Tackling the hidden turbulence in the UK’s digital commerce space

commerce

In the vortex of a looming economic crisis, UK consumers exhibit a poignant shift in their online shopping experiences and brand trust, a Forter study has found.

Alarmingly, over the past quarter, 73% of UK consumers have encountered a negative online shopping experience. These unsavoury instances encompass an extensive range of issues including a 14% rate of false declines, 37% of purchases not arriving punctually, and 27% facing costly or complicated return policies.

Forter’s study underscores a vital concept, the “Trust Premium,” noting that UK consumers willingly spend an average of 44% more with retailers they trust. This premium is significantly substantial, potentially translating to millions in revenue uplift for retailers, especially during peak shopping periods such as the Black Friday and Cyber Monday weekend.

Michael Reitblat, chief executive officer and co-founder, Forter, revealed, “The Trust Premium represents potentially millions of pounds in revenue uplift for retailers.” He further remarked, “UK retailers that lean into and invest in customer experience – from account creation to authentication to checkout – are best positioned to turn a profit over the Black Friday and Cyber Monday weekend.”

Moreover, a staggering 77% of UK shoppers will abandon their carts if they perceive the checkout experience to be overly intricate or lengthy.

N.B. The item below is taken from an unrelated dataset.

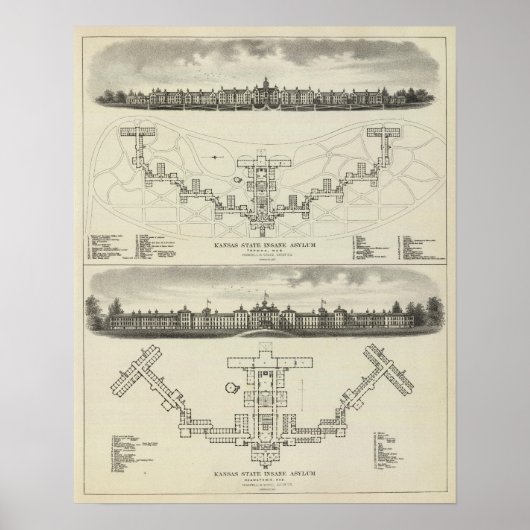 カンザス州狂のアシルム ポスター (正面)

This emphasises the precarious equilibrium retailers must navigate between ensuring secure transactions and providing a frictionless, trustworthy experience. Particularly, younger generations, such as Millennials and Gen Z, are more frequently encountering false declines, inadvertently driving them and their purchasing power away from online platforms.

Despite their burgeoning economic influence, Millennials are twice as likely, and Gen Z up to six times more likely, to experience false declines compared to Baby Boomers. This friction in the online shopping experience is notably damaging, given the criticality of securing the loyalty of the upcoming generation of consumers. In this context, retailers have to resolve a profound trust issue, especially considering the retailers often repel new yet credible customers simply out of unfamiliarity.

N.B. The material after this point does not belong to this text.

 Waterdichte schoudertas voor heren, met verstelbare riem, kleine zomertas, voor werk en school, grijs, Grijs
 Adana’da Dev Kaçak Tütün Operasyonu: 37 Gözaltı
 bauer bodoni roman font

Forter pinpoints that false declines generally loom five to ten times higher than actual fraud rates. The data suggests that for every $1 lost to fraud, retailers inadvertently forfeit $30 by refusing legitimate consumers. This friction and subsequent cart abandonment, spawned from a fear of fraud and an inability to accurately gauge the trustworthiness of customers, casts a substantial shadow over potential revenues and customer relationships.